Kamaleón Político

8M en Puebla: presupuesto hay, voluntad no
El 8 de marzo no es un acto protocolario ni una fecha para discursos ensayados. En Puebla, es un recordatorio incómodo de que la deuda con las mujeres no sólo persiste: se administra.
Las cifras oficiales dicen que el feminicidio bajó 46.8 %. La Fiscalía reconoce 17 casos en lo que va de 2025. Pero el recuento hemerográfico documenta al menos 26 asesinatos de mujeres con características de feminicidio en el mismo periodo. La diferencia no es estadística; es política. Es la brecha entre lo que se tipifica y lo que realmente ocurre.
Mientras tanto, Puebla ocupa el quinto lugar nacional en incidentes contra la mujer; octavo en violación simple y décimo en violencia intrafamiliar y de pareja. Y hay 777 mujeres desaparecidas desde 1952 hasta 2026; 28 % de ellas tenían entre 15 y 19 años. No es una crisis aislada: es una estructura de violencia.
Pero si el problema es estructural, también lo son las omisiones.
La Alerta de Violencia de Género no es nueva en Puebla. Implica obligaciones claras: fortalecer fiscalías especializadas, profesionalizar ministerios públicos, garantizar órdenes de protección efectivas, crear refugios suficientes y asegurar presupuesto etiquetado. ¿Se cumple todo? Formalmente sí. Sustantivamente, los resultados no lo reflejan.
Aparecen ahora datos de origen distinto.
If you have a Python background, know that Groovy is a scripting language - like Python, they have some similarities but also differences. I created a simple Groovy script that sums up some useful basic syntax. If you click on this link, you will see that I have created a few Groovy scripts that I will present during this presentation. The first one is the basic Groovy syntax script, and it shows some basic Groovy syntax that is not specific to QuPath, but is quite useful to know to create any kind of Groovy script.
El tema presupuestal es clave. Cada año se anuncian partidas para igualdad sustantiva, prevención y atención de la violencia. Pero la transparencia sobre su ejercicio real es opaca. ¿Cuánto se destina efectivamente a peritajes especializados? ¿Cuánto a capacitación policial? ¿Cuánto a seguimiento de órdenes de restricción? ¿Cuánto a refugios y acompañamiento jurídico?
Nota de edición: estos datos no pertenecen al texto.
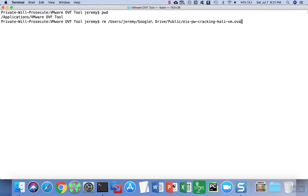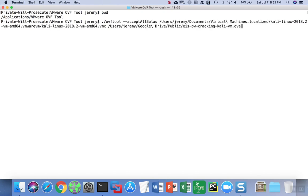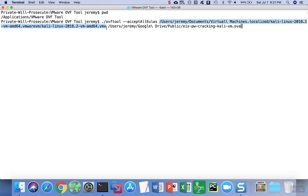The next thing we're going to do is use the command OVF tool, passing in the parameter accept all EULAs. Then we're going to give the location to the VMX file that defines the virtual machine. The VMX file is just an XML file used by VMware to describe a virtual machine, and it'll be in the directory of the virtual machine.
El dinero etiquetado no siempre se traduce en impacto medible.
Y luego está el Congreso. Las y los legisladores suelen aprobar exhortos, reformar artículos y pronunciarse cada 8M. Pero ¿cuántas evaluaciones reales han exigido sobre el funcionamiento de la Fiscalía? ¿Cuántas comparecencias técnicas han derivado en ajustes presupuestales serios? ¿Cuántas auditorías específicas se han solicitado sobre el uso de recursos destinados a combatir la violencia de género?
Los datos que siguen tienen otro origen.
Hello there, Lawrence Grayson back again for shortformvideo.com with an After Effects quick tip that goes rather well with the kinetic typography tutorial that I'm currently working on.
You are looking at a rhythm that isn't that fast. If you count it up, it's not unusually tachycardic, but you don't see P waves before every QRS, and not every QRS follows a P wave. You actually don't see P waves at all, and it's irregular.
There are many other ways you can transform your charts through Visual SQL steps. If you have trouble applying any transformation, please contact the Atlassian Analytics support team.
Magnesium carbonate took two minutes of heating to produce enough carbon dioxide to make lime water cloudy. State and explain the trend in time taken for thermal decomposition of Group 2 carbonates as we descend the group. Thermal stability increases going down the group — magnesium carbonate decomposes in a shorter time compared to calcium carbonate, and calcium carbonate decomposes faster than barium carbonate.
Legislar no es emitir posicionamientos en tribuna; es fiscalizar al poder.
Si el presupuesto se aprueba sin mecanismos de evaluación rigurosos, si no hay indicadores de desempeño claros, si no se condiciona el gasto a resultados verificables, entonces la política pública se vuelve simulación.
Y mientras tanto, las carpetas de investigación se acumulan. Las desapariciones siguen abiertas. La impunidad continúa siendo la constante.
El 8 de marzo no necesita más edificios iluminados de morado. Necesita fiscalías eficaces, policías capacitados, jueces sensibles y congresos que dejen de aplaudir informes y comiencen a exigir cuentas.
Porque cuando la violencia contra las mujeres se mantiene en niveles alarmantes, no es sólo un problema de seguridad: es un fracaso institucional.
En Puebla, el presupuesto existe.
La legislación existe.
La alerta existe.
Lo que sigue sin existir, en la magnitud necesaria, es la rendición de cuentas efectiva.
Y sin ella, no hay nada que conmemorar.